In 1783, Thomas Bull purchased 515 acres of land with a home from his employers at Warwick Furnace, Thomas Rutter and Samuel Potts. The land was probably a part of the original land owned by Warwick Furnace that was located nearby as was the village of Warwick and St Mary’s Church in East Nantmeal Township, in Chester County, Pennsylvania. The following narrative is pulled directly from a website describing the “Thomas Bull House” which in 1979 was listed on the National Register of Historical Places.

 “After the war, Bull took up the affairs of Warwick Furnace and applied himself to improving his plantation. He was already a citizen of substantial wealth, with property valued at 1,335 pounds in 1785, including two slaves. By 1803, when the tax lists were computed in dollars, his property was valued at $8,684. His neighbors, following the colonial and Federal pattern, accorded him an important place in political leadership. He was a member of the conventions which framed and ratified the state constitution of Pennsylvania in 1789-90. From 1793-1801, he represented Chester and Delaware Counties in the State Assembly. Bull felt more compelled by his business interests; and retired from politics following the turn of the century. He acquired a 9/16 interest in Joanne Furnace, and in 1812 was an advocate of the Conestoga Turnpike, which promised both direct profits and promotion of the area’s economy. Thomas Bull died in 1836; his land and mansion house passed to his son, Levi.”

The Thomas Bull House pictured above is located on Bulltown Road near Warwick. Today it is a private home and as shown in the photograph it has been beautifully restored and maintained. Thomas Bull named his “plantation” home “Mount Pleasant” and on the site by his home he constructed a tenant house, a blacksmith shop, a saw/grist mill and two lime kilns. In recent times, a housing development company purchased 70 acres across the street to the west from the Thomas Bull house and began construction of a high end community of 36 home sites that they have named “Old Bulltown Village.” The million dollar plus homes are being constructed along the design lines of the Thomas Bull House using lots of stone in the architectural style of 18th century Pennsylvania. The homes are surrounded by a golf course named French Creek Golf Club. The old Thomas Bull House is surrounded on the east by another golf course, the Stone Wall Golf Club. Both golf courses are first class and quite beautiful but one has to ask – is Thomas Bull rolling over in his grave when he sees what they have done to his lovely country estate?
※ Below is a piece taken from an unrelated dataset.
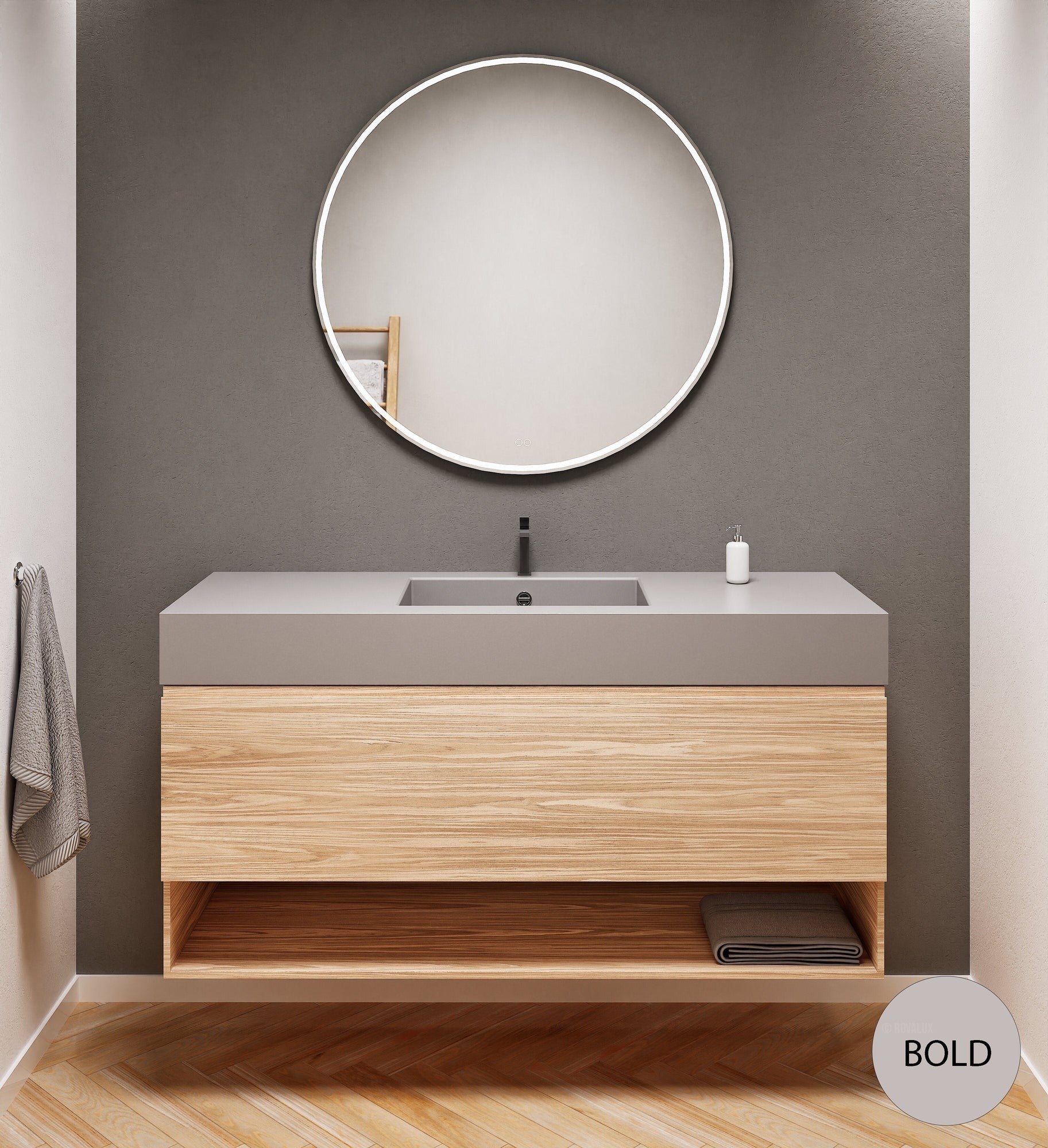 Aurora Single Set – Corian Basin & Countertop with 1 Drawer Vanity & Bottom Shelf - ROVALUX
Ann Hunter Bull died in 1817 at the age of 71. Thomas Bull remarried a Lydia Cromwell at the age of 75. Lydia outlived by several years her husband Thomas Bull who died at the age of 93. He is buried in the cemetery of St Mary’s Church where he had served as a vestryman in the years 1788, 89, 90, and 99. Alongside Thomas lies his wife Ann Hunter Bull.


Cathy said...

Hi, I find your post very informative. Thank you for making this topic intriguing and enjoyable to read for everyone. I would certainly try and refer this to my peers. Great job!

Anonymous said...

So how do you suspect Thomas Bull (1738-1787) of Chester County fits into this discussion about your Thomas Bull's parentage? He was a yeoman born and bred in Chester. His wife was also named Sarah (b. circa 1740-abt 1815), but her parentage is unknown. Many trees on Ancestry have confused the two men (easy to do with similar locales, dates of birth and wives).

Interviews done in the 1800s in the neighborhood by family genealogists procured information that yeoman Thomas Bull was related to the "other" Bull family in the area, but they did not know how. Indeed, several of his daughter's biographies recites that she is related as a sister or daughter to Col. John Bull of Revolutionary War fame (depending on the document). This is clearly not true, since her parentage is well-documented in court records and her father's will, but it is tantalizing as a clue.

Either way, I'd be interested in talking further with you about this.